Last updated: Thu 2 Apr 2015, 7:45 AM

The energy-rich emirate has registered a Global Medium-Term Note, or GMTN, programme envisaging issuance of up to $10 billion in global sovereign bonds, at benchmark sizes and at medium-term maturities. The bond would raise Abu Dhabi’s debt 10-fold to 10 per cent of the forecast GDP, said Fitch, which assigned a ‘AA’ ranking to the bond, the third highest investment-grade category.

Moody’s Investor’s Service will assign a foreign currency rating of ‘Aa2’ with a stable outlook to the bond, while Standard & Poor’s said that it assigned its ‘AA’ long-term senior unsecured debt rating to the note. The emirate had issued a debut $1 billion five-year sovereign euro bond in July 2007.

The latest issuance will consolidate Abu Dhabi’s presence in the market, establish a yield curve and enhance the emirate’s financing flexibility.

“The ratings on the bond are supported by the government’s very strong asset position which provides significant financial flexibility, the country’s high level of political stability and wealth, underpinned by its rich resource endowment, and by policies that reinforce Abu Dhabi’s integration with the global economy,” Standard & Poor’s credit analyst Farouk Soussa said.

Charles Seville, Associate Director in the Sovereign group at Fitch said: “Although well-placed to weather shocks, Abu Dhabi has been hit by the steep fall in the oil price and declining investment returns.” Government revenues, dominated by oil export earnings, are likely to shrink to less than half of 2008 levels and Fitch forecasts a fiscal deficit of 10 per cent of GDP for 2009.

Government policy is to press ahead with Abu Dhabi’s development and diversification programmes to keep the economy growing. In recognition of the weaker global growth outlook, however, the government will postpone or re-phase some of its projects.

As in previous episodes of falling oil prices, the Abu Dhabi will draw significantly on the dividend from the national oil company, ADNOC, and income earned by its main sovereign wealth fund, the Abu Dhabi Investment Authority, or ADIA, to fund the budget. After an increase of 54 per cent in 2008 spending, the government is projecting a fall of 13 per cent in 2009, despite higher capital spending. But even if world oil prices average just about $40 per barrel in 2009, the government’s revenue, which includes income received by ADIA, and the ADNOC dividend, will continue to record a surplus.

Abu Dhabi’s external assets, mainly held at ADIA, are understood by Fitch to be equivalent to at least 200 per cent of the GDP. Like most other investors around the world, ADIA suffered capital losses on its investments in 2008, but it also received major capital inflows as high oil prices boosted government revenues and profits of national oil companies.

Its net external credit position is stronger than that of Saudi Arabia (‘AA-’ (‘AA’ minus)/Outlook Stable) and comparable to Kuwait (‘AA’/Outlook Stable) and has been resilient to the oil price and financial market shocks seen over the past year.

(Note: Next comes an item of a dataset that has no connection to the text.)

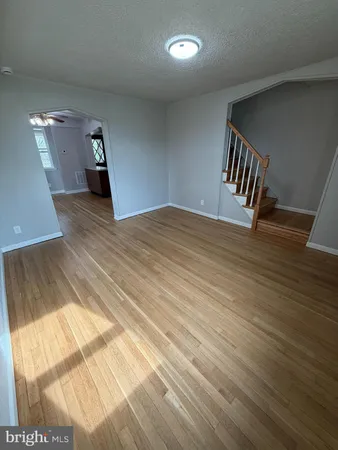 $1,900 | 229 Endsleigh Avenue, Middle River, MD 21220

Notwithstanding Abu Dhabi’s low direct debt, Fitch had earlier stressed the existence of contingent liabilities in its wider public sector.

The total external debt of public and private sectors is estimated by Fitch at up to $50 billion, or 36 per cent of 2008 GDP, at the year-end — around half of it owed by wholly or majority owned by state enterprises. Abu Dhabi pledged last month to inject $4.3 billion in capital into five principal banks based in the emirate. The measure was designed to give banks sufficient resources to absorb future losses and continue to lend.